Head further down for our a finish and colour guide, or check out the top paints below.
The top 5 interior wall paints and finishes
Wall paint ideas – how to use finishes
Flat, satin, eggshell… what exactly a paint will look like and how best to use it are sometimes not clear. Emulsion is the most commonly used paint for interior walls and ceilings and there are three main types of finishes you need to know about. The different sheens are:
- Flat and Matte – These paints have the lowest levels of glossiness of all the finishes available, at roughly 0-10% sheen. This means they are non-reflective and will hide surface blemishes and inconsistencies, effectively smoothing the surfaces on which they are painted. These are mostly used for walls, and have a smooth and velvety appearance.
- Eggshell and satin – These are the “mid-sheen” finishes. They have some reflectivity (satin is slightly glossier than eggshell, which looks like its namesake), and are more durable than the flat and matte finishes. Because of this, they are often used in more demanding spaces like kitchens and bathrooms, and satin is often used for doors and trim.
- Semi- and high gloss – The most reflective of the decorative paints, these are traditionally used for skirting boards, doors, mouldings, window, and other trim. It is also the toughest finish. Due to their high levels of sheen, gloss finishes show up imperfections, so it is important to prepare the substrate beforehand.
Feature wall paint ideas and wall paint colours
When you go to choose a paint colour, it is a good idea to think about what you want from the space, the furnishings (if any) that you already have, the architectural features in the space, and the light in the room. All of these will interact with the colour in meaningful ways. Don’t stand mesmerised in front of the Dulux colour wall, think about these factors beforehand:
- Architectural features – If you are lucky enough to have fireplaces, skirting boards, mouldings, and other architectural features, working with these elements when choosing a colour will make your room pop. White woodwork with a colourful wall is the tradiational look, but make sure to match the white with the colour. Darker woodwork with lighter walls will create light and space. The same colour on woodwork and walls is a strong, clean, contemporary look.
- Light – Contrast darker colours in hallways with lighter rooms to create the illusion of more light. Small spaces with low light can be made more intimate with darker colours. Depending on the direction in which the room faces, light is cooler or warmer, and you should look at colour schemes with that in mind. Farrow & Ball’s range is formulated to respond differently in different lights.
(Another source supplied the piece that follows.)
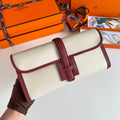 JIGE ELAN 29 CLUTCH IN WHITE CALFSKIN WITH GARNET RED LIZARD SKIN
- Matching colours – No matter how much you like a colour, if it does not work with your scheme it will not lead to happiness. Find colours within your already existing belongings to highlight or match to create a home with flow that doesn’t feel at odds with itself. Be aware of sight lines between rooms, too.
- Setting the mood – The current trend in interior design is for soft, relaxing neutrals that inspire comfort and cosiness. These colour palettes can work in any space where you want to unwind and feel at home – tv room, bedroom, or bathroom. But offices or dining rooms might want different colour palettes. Bedrooms should avoid bright, stimulating tones like orange, where playrooms can be a rainbow-coloured hive of energy. Think about how a colour makes you feel before you stick it on a wall.